[Crawled caption data]
== Segment start ==
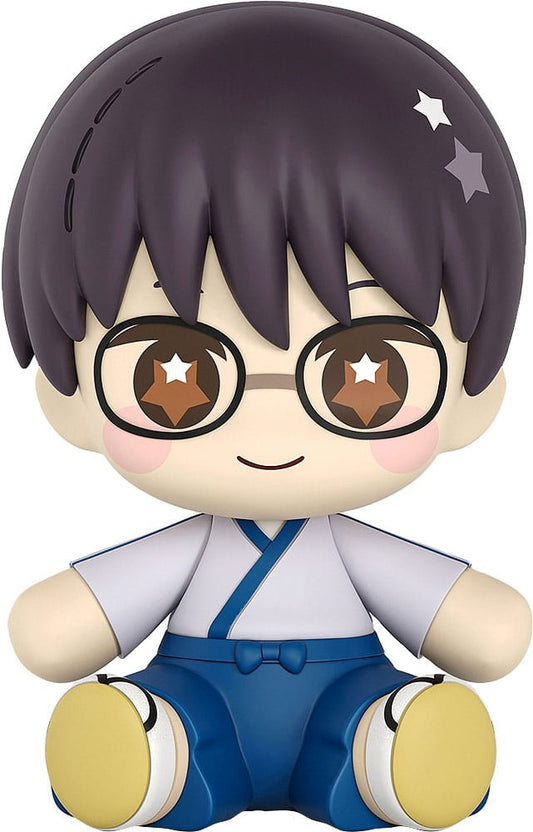 Gintama Huggy Good Smile Chibi Figur Shinpachi Shimura 7 cm - Smalltinytoystore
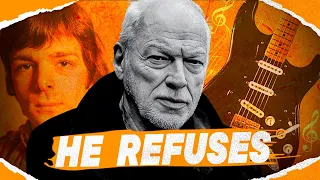 The Pink Floyd Song David Gilmour Sadly REFUSES to Play Live (For Richard Wright)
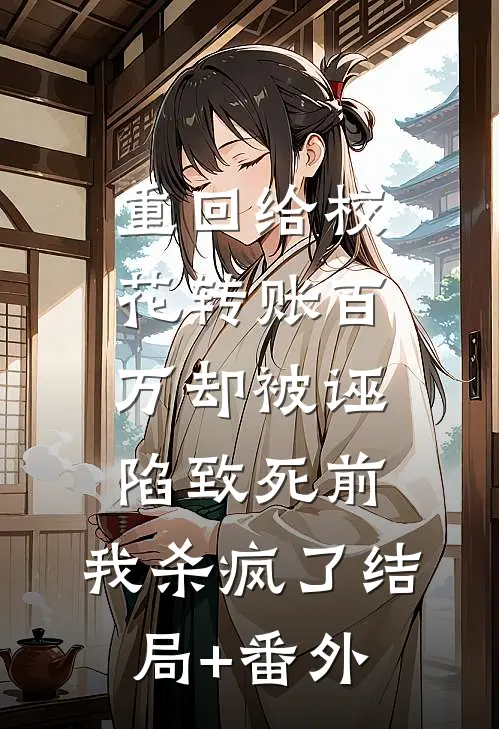 重回给校花转账百万却被诬陷致死前，我杀疯了结局+番外
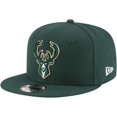 thumbnail image 1 of New Era NBA Black 9FIFTY Adjustable Snapback Hat Cap One Size Fits All, 1 of 6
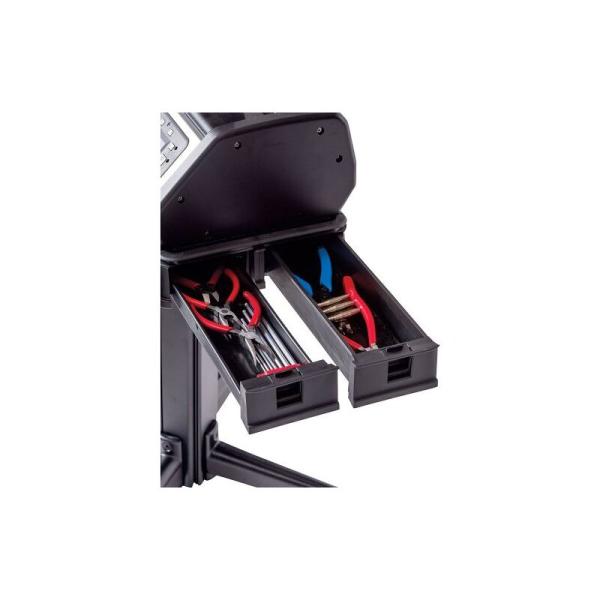Integrated tool drawers of the Gamma 8900 ELS SC stringing machine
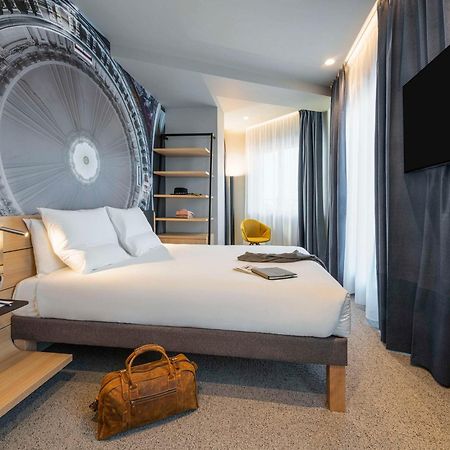 Novotel Paris 20 Belleville 외부 사진
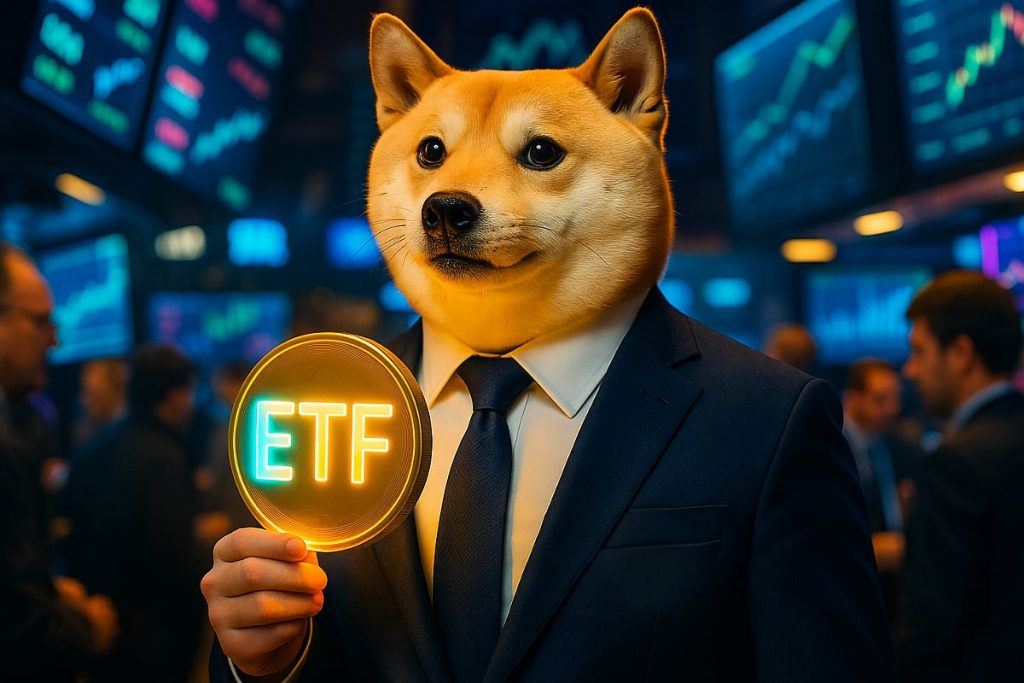 Optimismo Cripto: ETF de Dogecoin con 80% de probabilidad en 2025
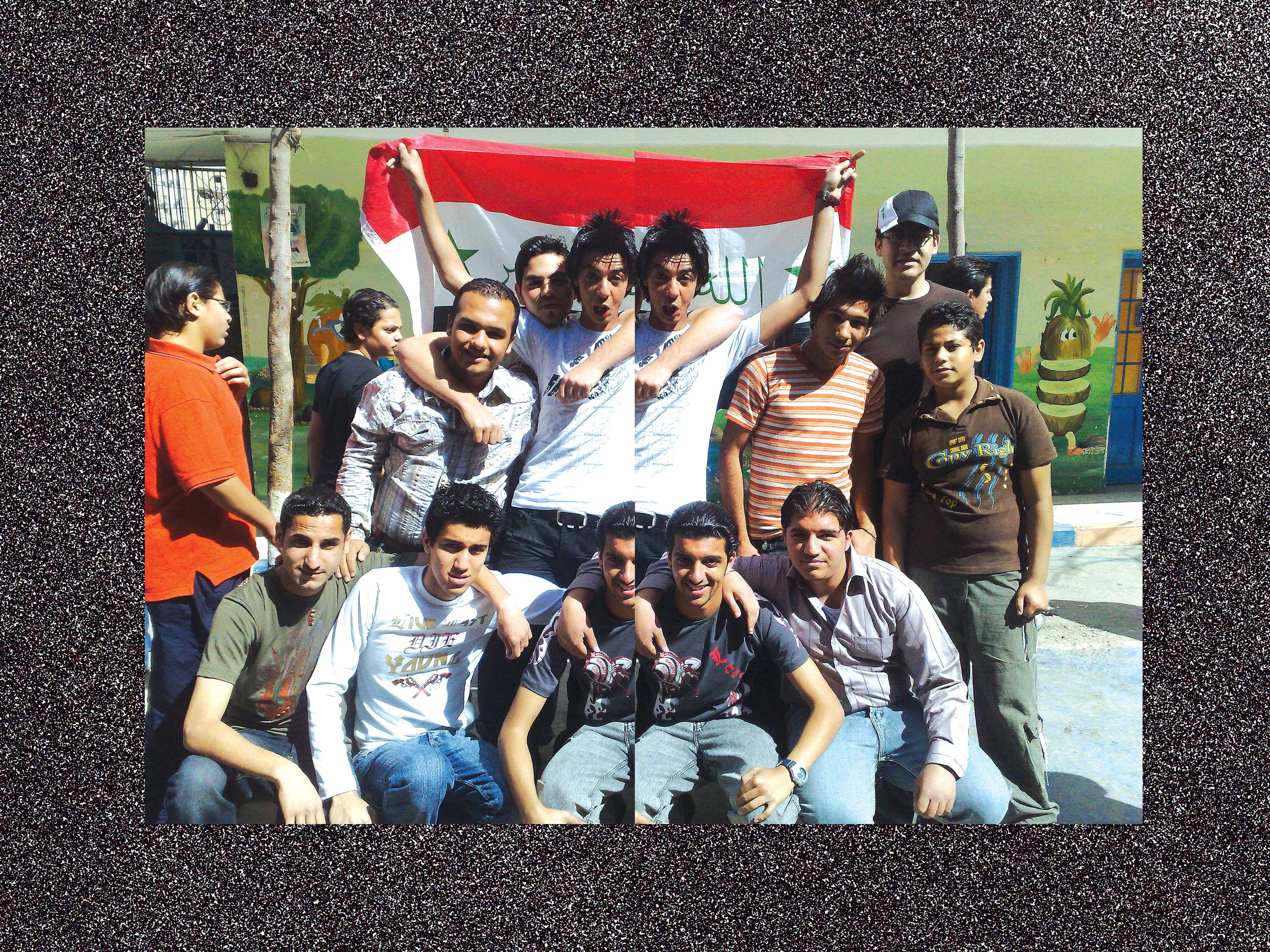 Children of War: Baghdad: Emad Abdelkarim Ali | Bidoun
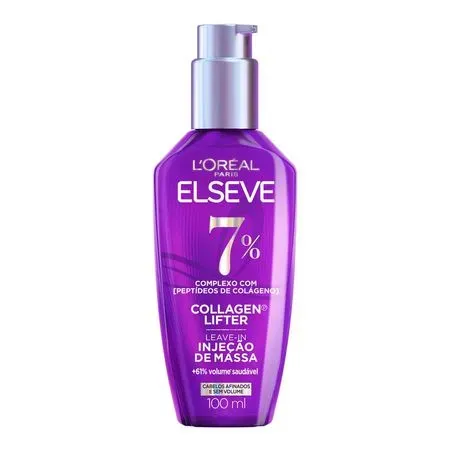 Leave-in L'Oréal Paris Collagen Lifter 100ml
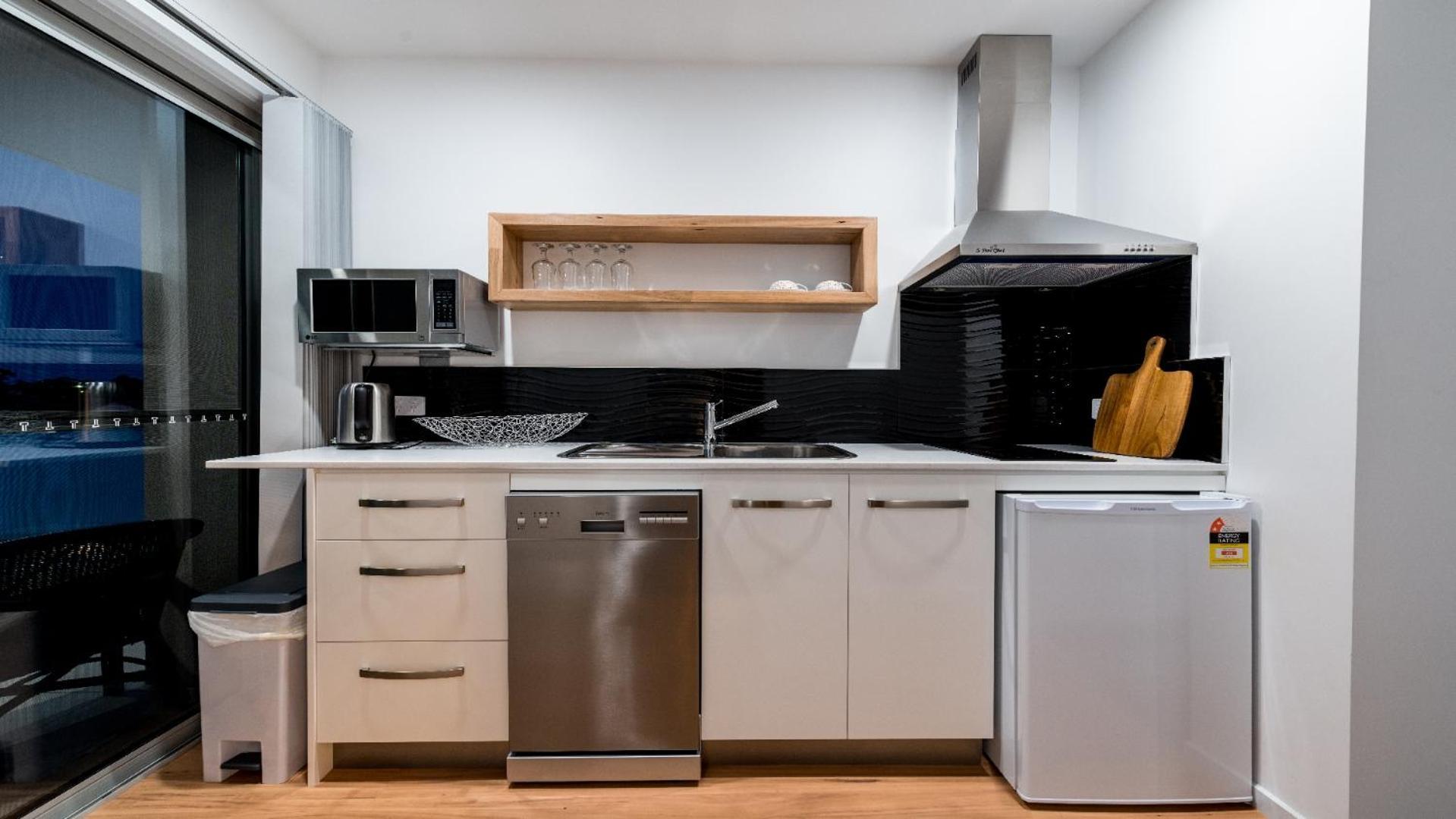 Ulverstone River Edge Holidayapartments Номер фото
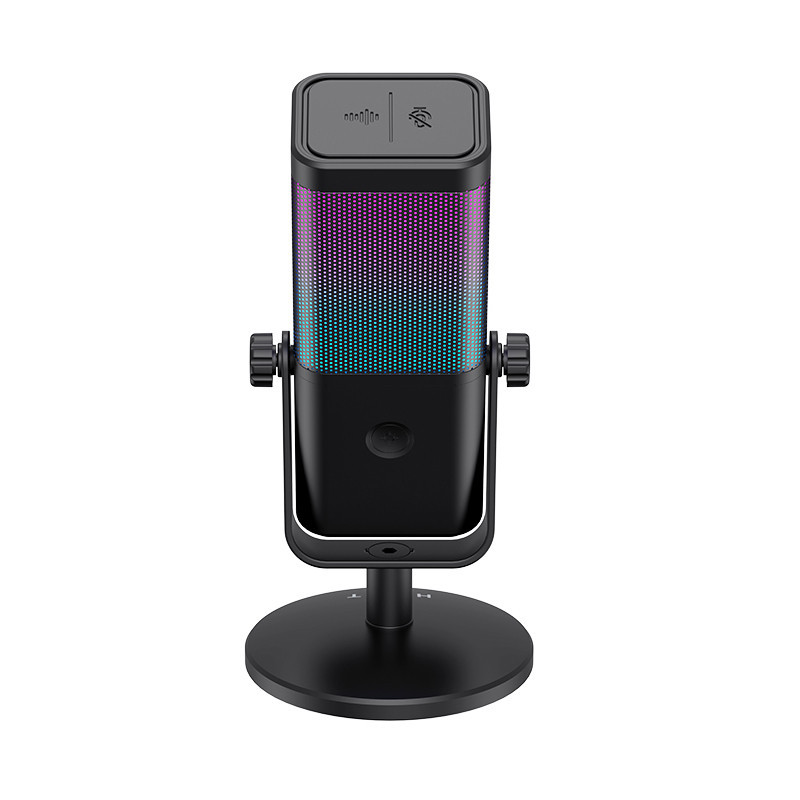 Microphone Gamer Havit GK65 RGB Noir En Tunisie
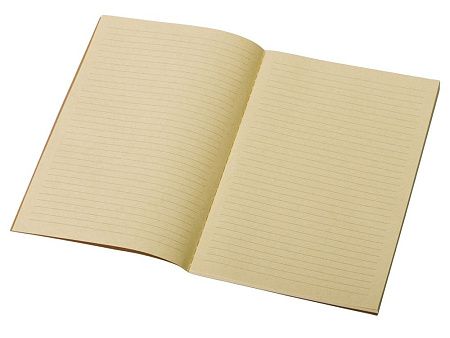 Блокнот A5 «Monet» из моющегося крафта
== Segment end ==
### Action item
Only the lines from the one containing "Microphone Gamer Havit" through the end of the data above are to be output, exactly and without pictures.

### Exercise answer
 Microphone Gamer Havit GK65 RGB Noir En Tunisie
 Блокнот A5 «Monet» из моющегося крафта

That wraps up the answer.